Although the current study was based on a moderate size of samples (n = 12) and gene targets (n = 4), we performed gene expression analysis for each sample and each of the 4 gene targets without pre-amplification as well as after 10 × pre-amplification and 14 × pre-amplification (total of 3 measurements per sample and gene) in order to show linearity and, thus, an unbiased pre-amplification. This comes up to a total of 144 measurements, respectively 96 comparisons. Regarding the independently performed pre-amplification reactions and following qRT-PCRs, a total of 24 reactions (12 samples, 10 × and 14 ×) were performed for each gene (supplemental Table 1). In our opinion, a total number of 24 pre-amplification comparisons per gene (regardless technical replicates) is sufficient for the generation of our hypothesis, which is underlined by the statistics employed (e.g. Fig. 4). By taking these exemplary genes and checking the linearity individually, we are able to show different patterns of disagreement described above: false positives and false negatives.

Due to the moderate sample size we judge our study more as a “proof of concept” study where we explore the potential of mRNAs in human whole saliva. Nevertheless, even increasing the sample size will not alter the three newly introduced modifications which are: (1) Selective cDNA synthesis of mRNA species of human origin, (2) pre-amplification before qRT-PCR and (3) check uniformity of pre-amplification. These are prerequisites for successful future efforts with respect to processing human RNA for biomarker studies, we believe.

For example, 18S rRNA is not synthesized to cDNA when using the SuperScript III First-Strand Synthesis System, because 18S rRNA -transcripts lack a poly(A)+-tail. That’s why 18S rRNA, as a commonly known housekeeping gene, cannot be used as a normalizer in gene expression analysis in the current application. A new housekeeping gene except for rRNA needs to be detected when working on gene expression analysis in human whole saliva.

Second, the composition of whole saliva may be influenced by extraneous factors which may limit its use as a biomarker: demographic characteristics (like age, gender, race), social habits (like smoking, alcohol, diet) or oral hygiene are among the factors that can interfere with the composition of saliva at the time of collection19. Further investigations will show if this poses a limitation of its use as a biomarker.

We decided to use whole saliva as a source for RNA biomarkers instead of salivary supernatant due to the numerous advantages described above. Admittedly, a higher background due to a high amount of non-human RNA is a drawback but using whole saliva is much easier than harvesting supernatant and isolating exosomes. Until now, it is not completely clear, whether the oral microbiome alters gene expression patterns in the salivary glands and to what extend this affects the robustness of salivary transcriptomics as a diagnostic tool, e.g. considering gland disorders. Rather, we chose a robust, less elaborate and high through-put approach with high utility for future studies.

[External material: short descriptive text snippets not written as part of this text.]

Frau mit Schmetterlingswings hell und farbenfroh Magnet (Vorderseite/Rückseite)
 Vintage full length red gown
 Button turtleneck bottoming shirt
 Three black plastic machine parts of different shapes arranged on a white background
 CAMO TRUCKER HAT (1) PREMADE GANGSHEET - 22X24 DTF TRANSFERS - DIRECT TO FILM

In summary, we report a robust modified methodology to process human whole saliva as a non-invasive and easily accessible biofluid for gene expression analysis. These three modifications, described here will be important to overcome the two challenges of an overwhelming bacterial contamination and low abundance of human RNA in the source material for future applications. We suggest that modifications such as ours will render human saliva as a more attractive material for an expanded number of biomarker studies.